Postby turnaround » Tue Nov 06, 2018 1:47 am

Well hello, after a very long absence. Skilsaw, I see you're around. Much high-fiving to you & the other members I haven't rediscovered yet.

Hello also newbies. Last time I was reasonably ill with a mood episode, I swore that I would regularly contribute to this forum & keep doing so once I was fully recovered to dole out advice & support. Unfortunately, I've been extremely remiss in doing so. This isn't entirely a bad thing. For those of you who who are fairly new to the delights and nightmares of bipolar, I have just completed 2 and a half years without a single depressive episode & almost 2 years without a single manic episode (in my case hypomanic...I have type II). So: lesson number 1 is that with good care, good sleep, therapy if you need it & BY TAKING YOUR MEDICATION (this is so important, please take it), the majority of your time can be spent living well. Have hope that your life can be lived well the majority of the time. I've had healthy, human, good times & bad times, none of it BP-related.

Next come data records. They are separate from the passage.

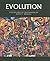 Evolution: Five Decades of Printmaking by David C. Driskell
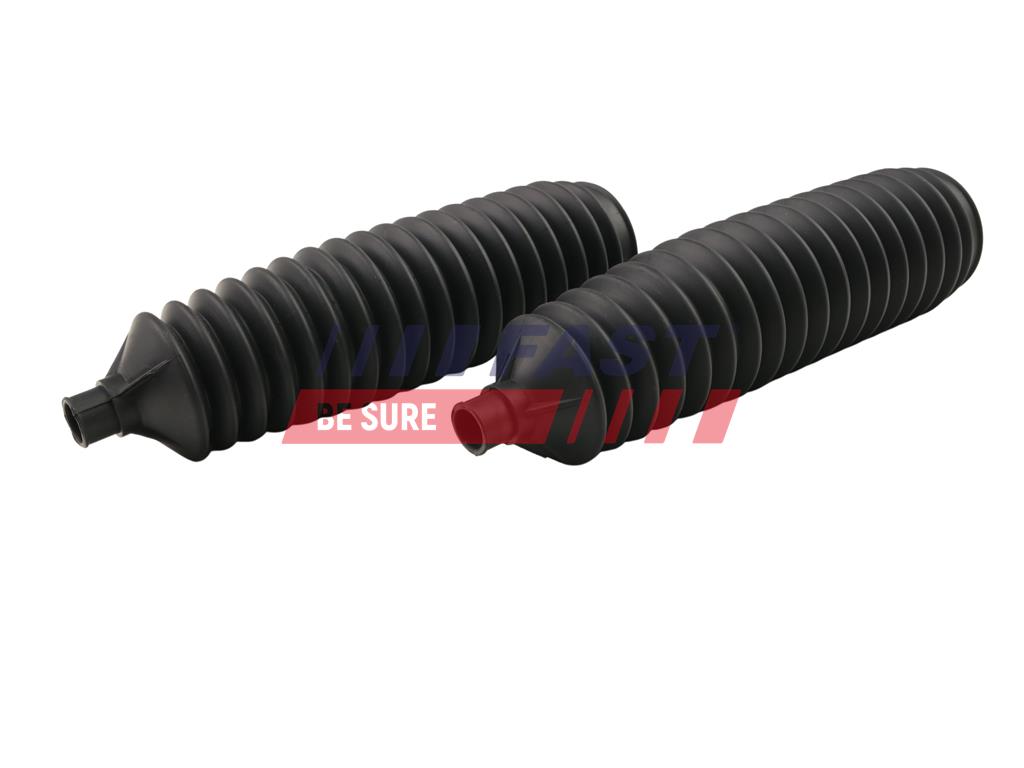 FT20082 TIE ROD COVER FIAT DUCATO 94> POWER STEERING KIT
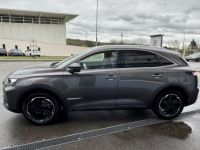 DS DS 7 CROSSBACK 1.6 225 EAT8 Performance Line+ - <small></small> 19.990 € <small>TTC</small> - #4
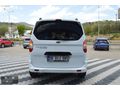 2022 BOYASIZ COURİER 1.5 TDCİ TİTANIUM PLUS+41.00KM ORJINAL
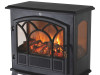 FKK 04 kamin električni 1850W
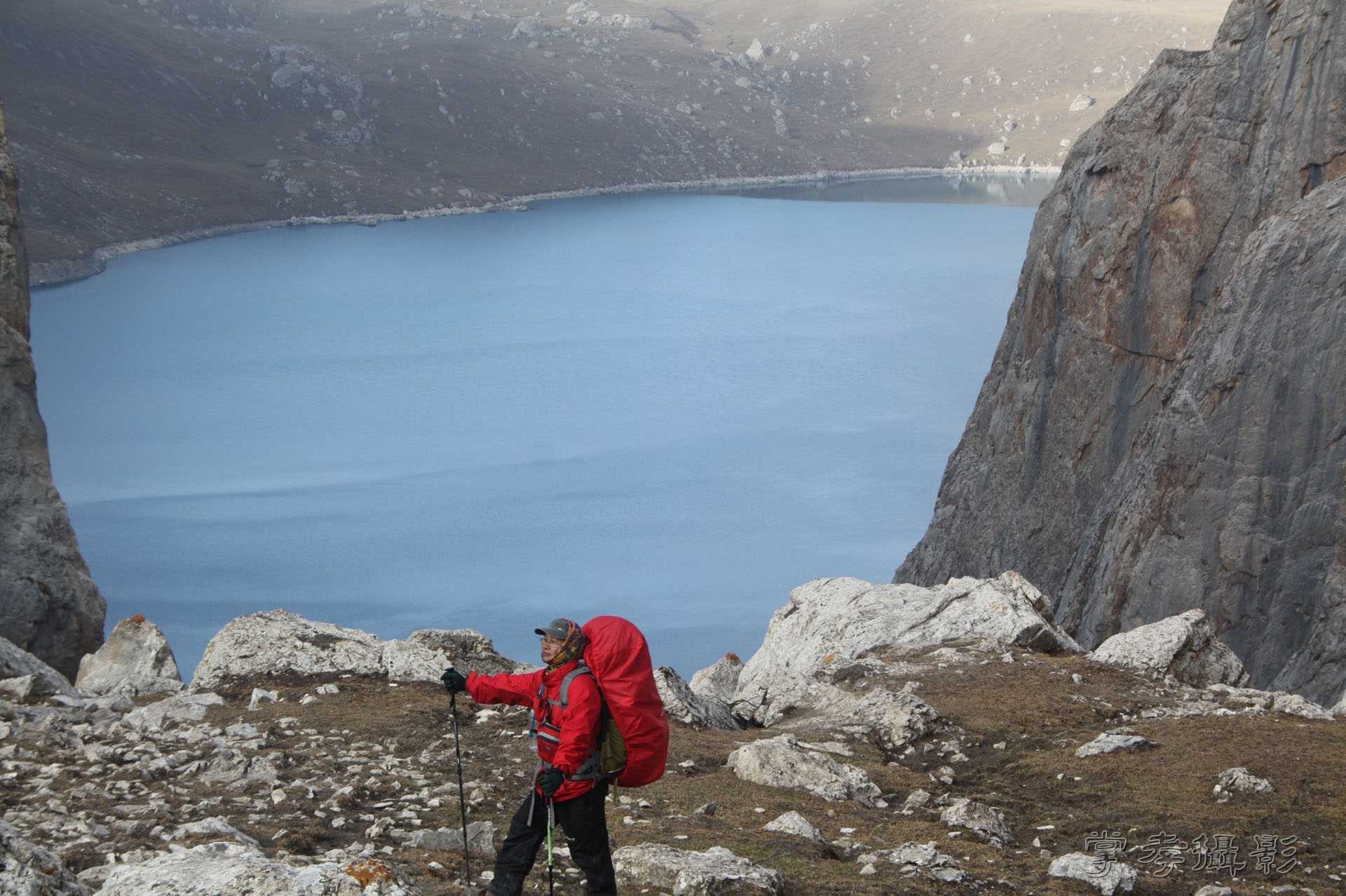 ͽ����Խ��ɽ����̾�����½� (1851).jpg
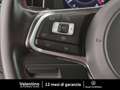 Volkswagen Golf GTI GTI Performance 2.0 245 CV TSI 3p. BMT Blu/Azzurro - thumbnail 14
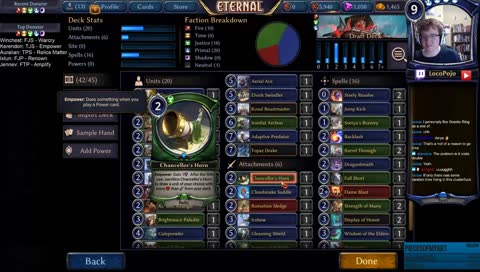 Getting our collection moving with a pile of drafts!  First Card Breakdowns after!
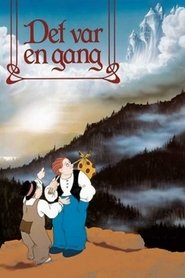 Det var en gang 1994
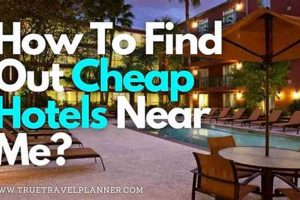 Find the Cheapest Hotels Near You Now! Crown American Hotels | Luxury, Comfort & Top Destinations Find the Cheapest Hotels Near You Now! | Crown American Hotels | Luxury, Comfort & Top Destinations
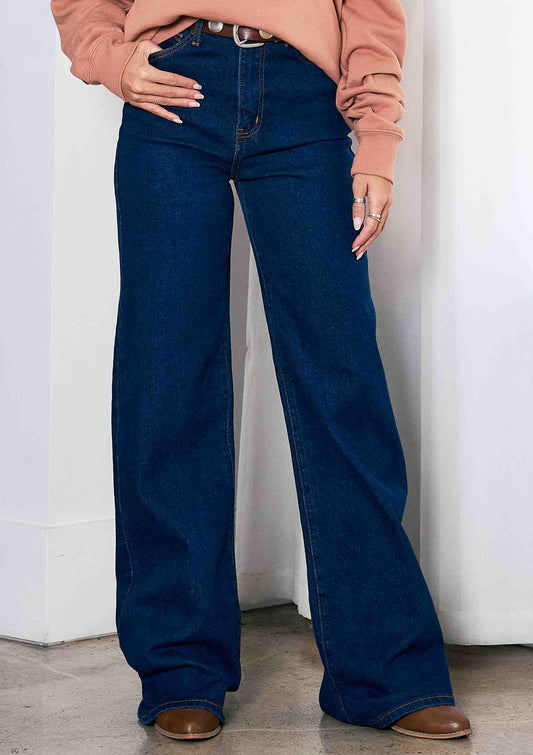 Darcy Jeans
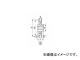 Х/EVERON ֥å󥰥ס꡼ SPZ 280mm ¿1 SPZ2801(3807177) JAN4571314381827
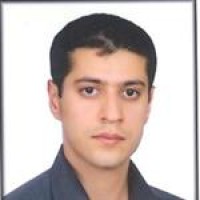 دکتر امین کریم زاده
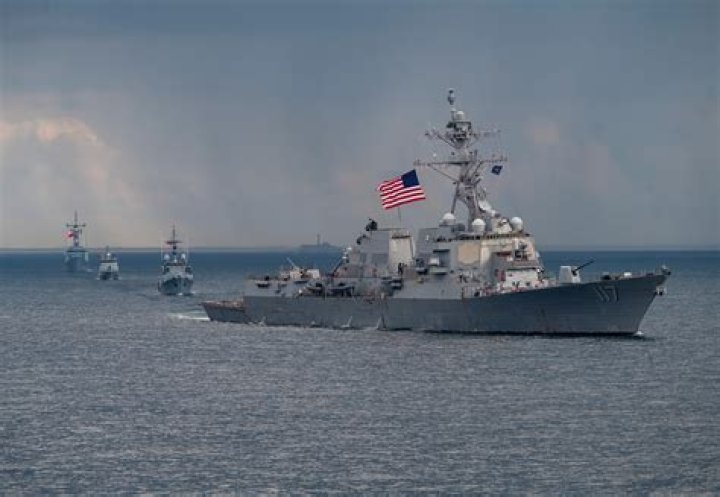 Navy Johnson(webvideostar) - Biography, Age, Net Worth, Wikipedia, Spotify, TikTok, Facebook, Facts and Family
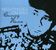 Coming Home Compiled By Nightmares On Wax, CD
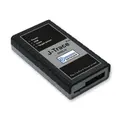 Segger Microcontroller Systems 8.22.00 thumbnail 1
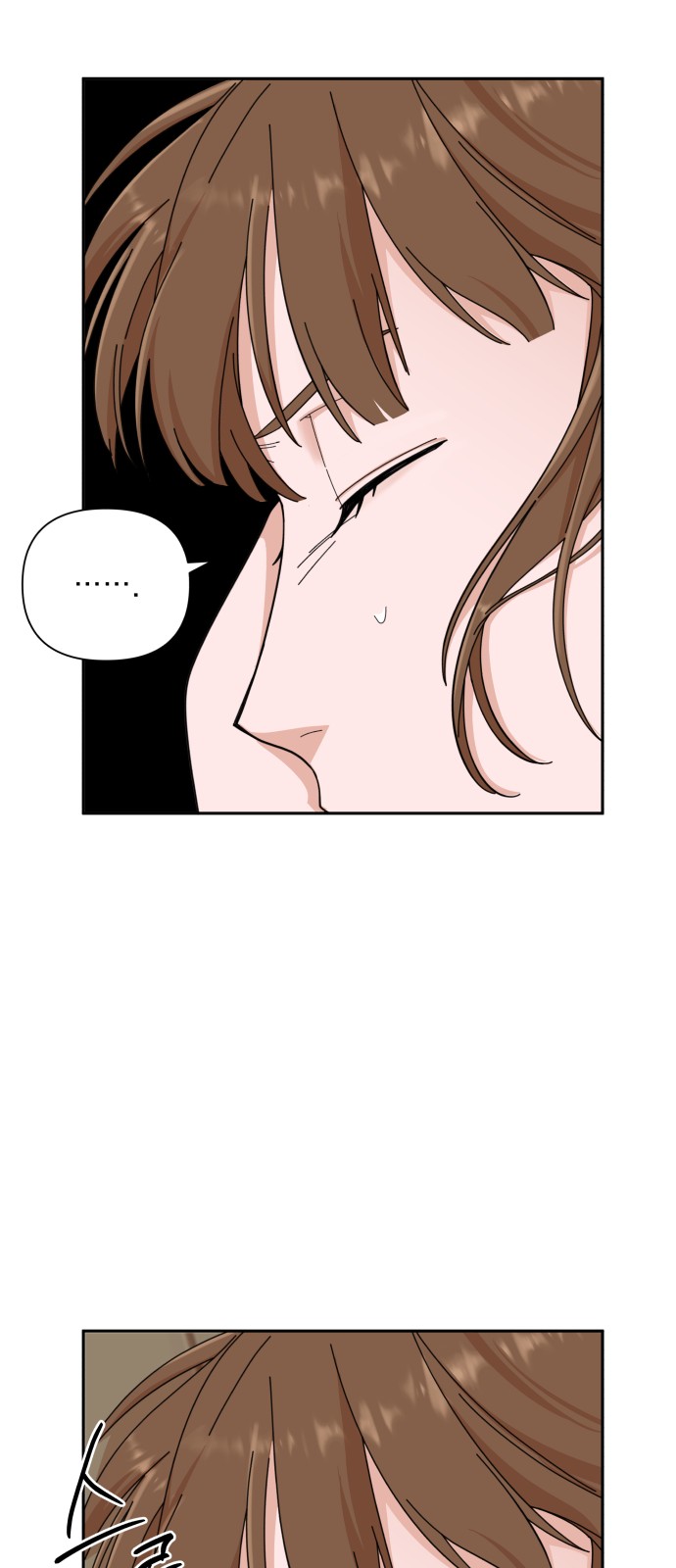 The Man With Pretty Lips - Chapter 2 - Page 52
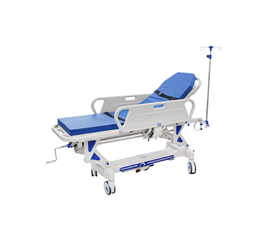 CH-TC-04(I)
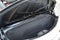 2024 Chevrolet Corvette 2 Door AWD E-Ray Convertible W/3LZ Preferred Equipment Group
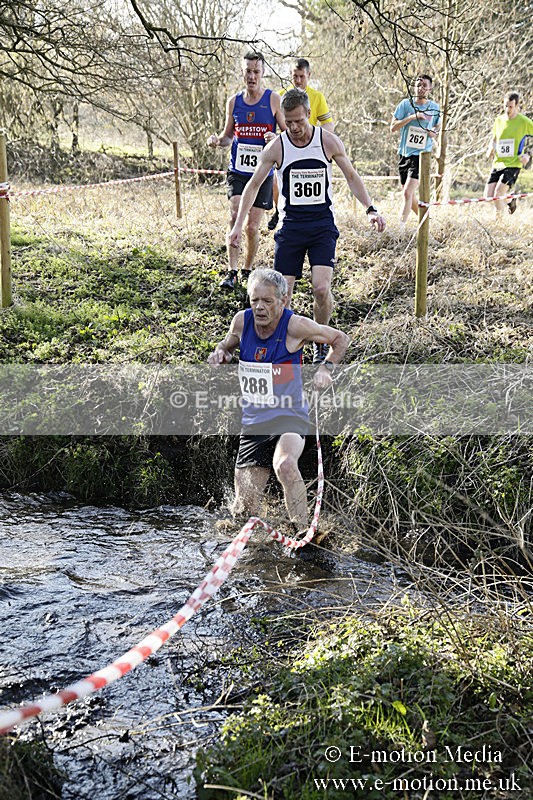 PVT 240219 310 - The Terminator Race - Pewsey Vale - 24/02/19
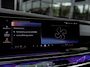 BMW i7 eDrive50 106 kWh | SOH 100 % | THEATER SCREEN | AUTOMATIC DOORS | CONNOISSER PACK | DRIVING ASSIST PROF | INTEGRAL ACTIVE STEERING | STOELMASSAGE | STOELVENTILATIE | SOFTCLOSE | SKYLOUNGE | NL GELEVERD | BTW AUTO | NP 158500 |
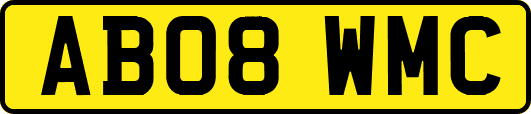 AB08WMC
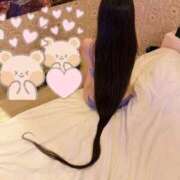 ヒメ日記 2025/11/29 12:49 投稿 かえで 鶯谷おかあさん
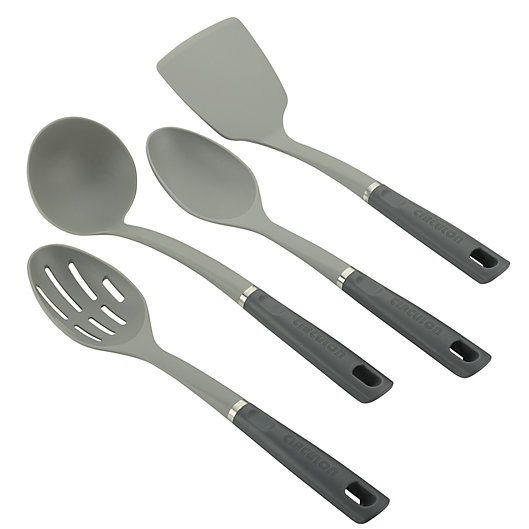 Circulon Ultimum Ladle Circulon Ultimum Ladle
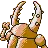 Pokémonsprite 127 Rückseite GS Spaceworld Beta 1997.png
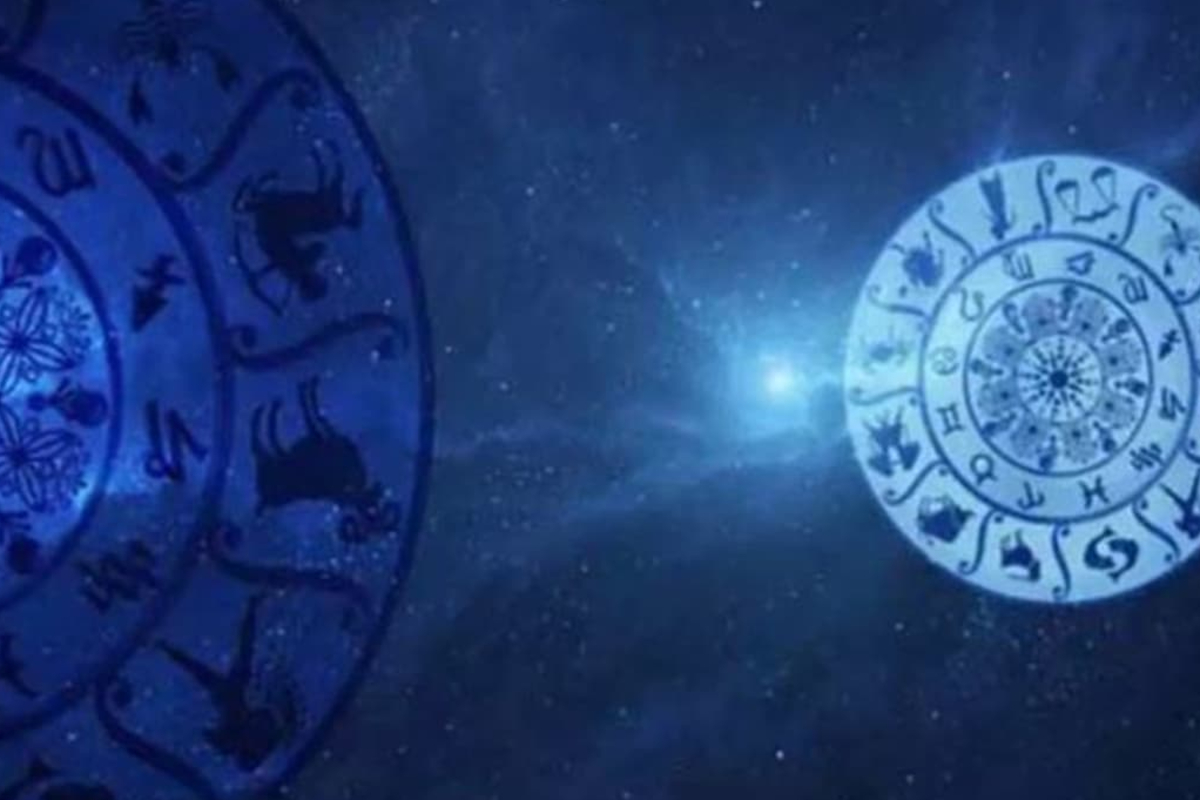 2026: யமனின் வக்ர பெயர்ச்சி மே மாதம் முதல் இவர்களின் வாழ்க்கையே போகிறதாம் | 2026 May 6 Pluto Retrograde Astrology Prediction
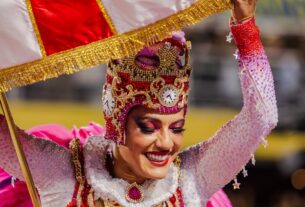 Ícone de sino para notificações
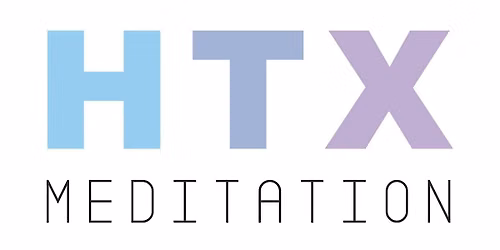 HTX |Outdoor Soundbath Meditation (free)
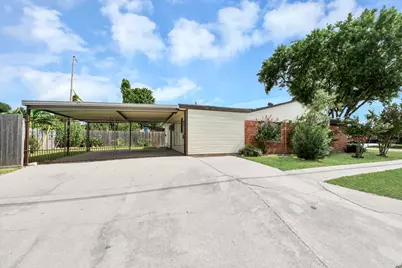 2212 Raspberry Lane, Pasadena, TX 77502 - Photo 47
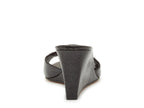 Jessica Simpson Bebiena Wedge Sandal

So, I'm back on here. Why? Well, after a couple of weeks of feeling decidedly weird, I decided to tell my boss at work that I felt like I was heading for a downer. Autumn usually makes me feel a little high. I love the colours. I wasn't sleeping great & was starting to feel a little too spiritual (this is a big red flag for me). And don't laugh but I was turning straight. And then all of a sudden, it stopped. I am grinding to a halt. I am exhausted. I am intolerant. I was becoming a little remiss in my work. Bearing in mind that my job involves keeping seriously unwell people alive, this was not good. I learned from my last depressive episode (where I held out for far too long & ended up having to check myself in somewhere) that my warning signs must be taken seriously. So I've taken evasive action. I made a huge leap of faith & told my boss that I was becoming unwell. She was cool about everything. So I'm taking a week or two off work to discuss my situation with my GP & psych nurse. I'm going to sleep a LOT. I'm going to practice regular meditation. I'm going to call friends & see them.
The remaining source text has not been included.